Katie Meyler, je n'avais jamais entendu ce nom jusqu' hier et fort heureusement d’ailleurs. Même si elle est supposée être célèbre dans « l’industrie des œuvres caritatives en Afrique », une économie de plusieurs milliards de dollars basée sur le capitalisme abusivement appelée philanthropisme, je n'ai jamais eu la malchance de tomber sur elle et sur le travail « formidable » qu'elle faisait soi-disant pour sauver les enfants pauvres en Afrique.

Depuis mes années universitaires aux États-Unis, j’ai toujours été dégoûtée par les fausses histoires que j'ai eu à entendre à maintes reprises par ces soient-disant experts du développement, ces associations caritatives et ces spécialistes de la pauvreté qui séduisent des milliers d'étudiants américains avec leurs solutions placebo pour un continent pour lequel ils en ont autant à cirer que j’en ai de la neige. Je me souviens du blog que j'avais écrit pour le Millenium Campus Conference à laquelle j’avais assisté durant près d'une semaine à l'Université Harvard en 2011 sur la façon dont de jeunes brillants Américains proposaient des idées novatrices pour aider les pays pauvres à atteindre leurs Objectifs du Millénaire pour le Développement. Objectifs qui bien entendu ne mentionnent pas la liberté, l’état de droit, la justice et l’égalité. Je me souviens que cette conférence avait provoqué une telle indignation en moi.

En tant que fille d'un de ces pays en voie développement dont les récits sont manipulés par des organisations caritatives occidentales pour collecter des fonds, dans le blog que j'avais écrit toute enragée dans le bus alors que je rentrais de Boston, j'ai mentionné à quel point je m’étais sentie insultée à l'âge de 11 ans quand des lycéens français sont venus à mon collège lors d'une de ces excursions de « Volontariat en Afrique» pour nous apprendre à nous brosser les dents. Une véritable insulte pour nous tous dont les parents s’assuraient déjà que nos dents soient plus brillantes que la glace.

À Boston, une décennie plus tard, lors du Millenium Campus Conference, nous apprenions que des étudiants américains s'étaient rendus en Afrique et en Inde pour enseigner l'anglais à des enfants. Je me sentais à nouveau si insultée que moi, originaire d'un pays francophone étudiant l'anglais, une quatrième langue en Amérique pouvait rédiger mieux en anglais que la plupart des étudiants nés aux États-Unis avec lesquels j'ai travaillé sur des projets de groupe. J’étais tellement outrée que les centaines de diplômés en anglais de mon pays qui bataillent le chômage depuis plus d'une décennie ne pouvaient pas être embauchés pour enseigner dans leur propre pays à des enfants dont pour la plupart parlent leur langue maternelle; et il faille que ce soient des post-adolescents américains qui ont encore du mal à écrire des lettres de motivation attrayantes pour leur prochain stage qui sont envoyés dans des pays comme le mien pour enseigner l'anglais.

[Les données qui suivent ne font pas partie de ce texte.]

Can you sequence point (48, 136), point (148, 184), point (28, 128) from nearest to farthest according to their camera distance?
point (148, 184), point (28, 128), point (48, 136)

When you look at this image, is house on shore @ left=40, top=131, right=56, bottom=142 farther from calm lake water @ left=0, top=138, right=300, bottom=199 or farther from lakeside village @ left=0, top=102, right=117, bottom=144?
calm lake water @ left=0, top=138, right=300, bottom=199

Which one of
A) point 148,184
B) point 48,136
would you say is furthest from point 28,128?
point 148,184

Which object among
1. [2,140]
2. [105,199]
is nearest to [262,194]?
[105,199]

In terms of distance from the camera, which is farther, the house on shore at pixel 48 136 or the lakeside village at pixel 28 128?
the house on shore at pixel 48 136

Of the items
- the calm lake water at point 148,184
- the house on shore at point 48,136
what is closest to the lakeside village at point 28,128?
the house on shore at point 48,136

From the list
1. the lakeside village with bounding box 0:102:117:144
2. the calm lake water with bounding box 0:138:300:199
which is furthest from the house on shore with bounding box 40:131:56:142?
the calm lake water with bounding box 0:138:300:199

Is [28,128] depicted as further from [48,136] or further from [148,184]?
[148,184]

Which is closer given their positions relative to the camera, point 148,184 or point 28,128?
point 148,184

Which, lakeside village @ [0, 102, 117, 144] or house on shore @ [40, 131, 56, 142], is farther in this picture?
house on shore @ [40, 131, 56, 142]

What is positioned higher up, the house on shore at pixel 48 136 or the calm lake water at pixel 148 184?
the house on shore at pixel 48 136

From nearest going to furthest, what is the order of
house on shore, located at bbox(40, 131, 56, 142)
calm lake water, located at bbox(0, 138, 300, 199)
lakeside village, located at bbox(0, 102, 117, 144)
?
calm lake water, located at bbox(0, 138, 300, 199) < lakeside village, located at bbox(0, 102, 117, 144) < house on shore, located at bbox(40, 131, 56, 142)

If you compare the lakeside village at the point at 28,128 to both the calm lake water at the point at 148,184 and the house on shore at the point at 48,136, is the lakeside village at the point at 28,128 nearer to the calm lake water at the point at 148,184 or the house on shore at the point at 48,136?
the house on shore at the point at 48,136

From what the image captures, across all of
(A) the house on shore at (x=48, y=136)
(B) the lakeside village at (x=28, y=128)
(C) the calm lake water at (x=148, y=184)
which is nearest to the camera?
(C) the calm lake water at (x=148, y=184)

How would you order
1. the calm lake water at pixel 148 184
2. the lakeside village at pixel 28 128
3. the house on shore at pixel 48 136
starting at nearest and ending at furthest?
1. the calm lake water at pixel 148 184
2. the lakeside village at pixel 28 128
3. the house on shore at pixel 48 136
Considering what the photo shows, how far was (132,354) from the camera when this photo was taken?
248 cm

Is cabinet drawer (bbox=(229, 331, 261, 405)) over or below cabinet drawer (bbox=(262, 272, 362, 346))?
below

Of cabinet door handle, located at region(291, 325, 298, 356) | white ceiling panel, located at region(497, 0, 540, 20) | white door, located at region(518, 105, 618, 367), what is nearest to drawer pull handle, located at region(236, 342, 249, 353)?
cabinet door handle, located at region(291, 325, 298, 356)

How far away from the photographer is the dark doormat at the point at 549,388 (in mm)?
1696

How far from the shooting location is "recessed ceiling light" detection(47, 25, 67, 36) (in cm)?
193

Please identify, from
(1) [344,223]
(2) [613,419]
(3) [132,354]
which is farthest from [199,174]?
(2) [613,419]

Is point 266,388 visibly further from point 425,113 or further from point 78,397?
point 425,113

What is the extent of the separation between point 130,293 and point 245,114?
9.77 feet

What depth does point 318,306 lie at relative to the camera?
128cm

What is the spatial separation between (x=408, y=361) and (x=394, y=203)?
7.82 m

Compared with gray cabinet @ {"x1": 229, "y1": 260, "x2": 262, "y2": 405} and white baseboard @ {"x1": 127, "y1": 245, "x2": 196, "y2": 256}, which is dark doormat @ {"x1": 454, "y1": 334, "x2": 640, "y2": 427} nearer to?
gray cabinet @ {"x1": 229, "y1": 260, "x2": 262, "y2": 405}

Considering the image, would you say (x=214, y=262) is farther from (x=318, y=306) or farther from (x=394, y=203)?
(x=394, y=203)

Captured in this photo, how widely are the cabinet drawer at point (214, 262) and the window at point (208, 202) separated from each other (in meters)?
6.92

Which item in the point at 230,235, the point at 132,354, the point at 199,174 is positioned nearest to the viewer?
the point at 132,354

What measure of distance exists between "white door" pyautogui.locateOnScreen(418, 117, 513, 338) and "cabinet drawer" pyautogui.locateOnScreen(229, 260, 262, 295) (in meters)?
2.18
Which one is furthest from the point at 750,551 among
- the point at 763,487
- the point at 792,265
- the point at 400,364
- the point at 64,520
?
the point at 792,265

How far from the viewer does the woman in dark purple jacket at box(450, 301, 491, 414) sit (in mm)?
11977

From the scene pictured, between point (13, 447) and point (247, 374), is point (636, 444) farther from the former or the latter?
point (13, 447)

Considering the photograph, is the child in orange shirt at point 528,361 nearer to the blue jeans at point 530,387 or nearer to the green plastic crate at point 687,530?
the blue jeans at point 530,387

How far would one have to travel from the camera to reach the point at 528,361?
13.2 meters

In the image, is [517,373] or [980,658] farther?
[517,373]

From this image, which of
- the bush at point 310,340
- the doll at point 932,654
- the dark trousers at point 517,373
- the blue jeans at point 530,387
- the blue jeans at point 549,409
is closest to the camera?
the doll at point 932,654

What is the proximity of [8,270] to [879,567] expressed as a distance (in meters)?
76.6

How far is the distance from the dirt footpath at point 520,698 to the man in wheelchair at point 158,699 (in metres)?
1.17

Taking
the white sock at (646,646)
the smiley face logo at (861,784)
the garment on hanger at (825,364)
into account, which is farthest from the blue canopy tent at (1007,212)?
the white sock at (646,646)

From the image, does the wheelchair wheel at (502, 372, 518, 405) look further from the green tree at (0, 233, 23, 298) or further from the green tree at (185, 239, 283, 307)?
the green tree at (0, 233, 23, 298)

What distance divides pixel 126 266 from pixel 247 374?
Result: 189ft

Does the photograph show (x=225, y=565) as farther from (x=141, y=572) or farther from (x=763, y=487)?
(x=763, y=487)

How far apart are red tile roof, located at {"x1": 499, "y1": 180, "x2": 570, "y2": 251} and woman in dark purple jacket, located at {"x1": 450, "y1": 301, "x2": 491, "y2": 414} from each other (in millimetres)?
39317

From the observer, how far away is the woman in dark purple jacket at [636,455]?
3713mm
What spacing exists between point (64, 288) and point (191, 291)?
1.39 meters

Je ne comprenais pas à quel point notre éducation était prise à la légère par ces organisations caritatives, qui tiraient profit de la vulnérabilité de nos États et de la paresse de nos dirigeants pour imbéciliser les normes de notre éducation et la réduire à une sorte de loisirs pour des jeunes occidentaux privilégiés qui veulent expérimenter la pauvreté. Au-delà de ceci, je ne pouvais pas supporter la fausse inspiration qu’ils essayaient de vendre en obligeant les gens à voir l’humanisme dans leurs actions et comment, grâce à eux, des enfants pauvres, qui à peine pouvaient manger une fois par jour, étaient maintenant capables de lire et d’écrire leurs noms.

 

Il y avait tellement d'idées proposées par ces jeunes rêvasseurs pour « résoudre » nos problèmes, comme exemple un ballon de football capable de conserver les rayons du soleil et être utilisé par les enfants des zones rurales comme une lampe pour étudier la nuit. J'étais vraiment sidérée du genre: « vous allez investir des millions de dollars dans ces jouets alors que vous auriez pu installer des centrales solaires dans les villages! Comment se fait-il que les enfants américains n’aient pas besoin de jouer au ballon le jour pour pouvoir stocker de l’électricité et lire la nuit? » L’apogée de la foutaise!  Mais bon, que sais-je? Je ne suis qu’une pauvre tiers-mondiste!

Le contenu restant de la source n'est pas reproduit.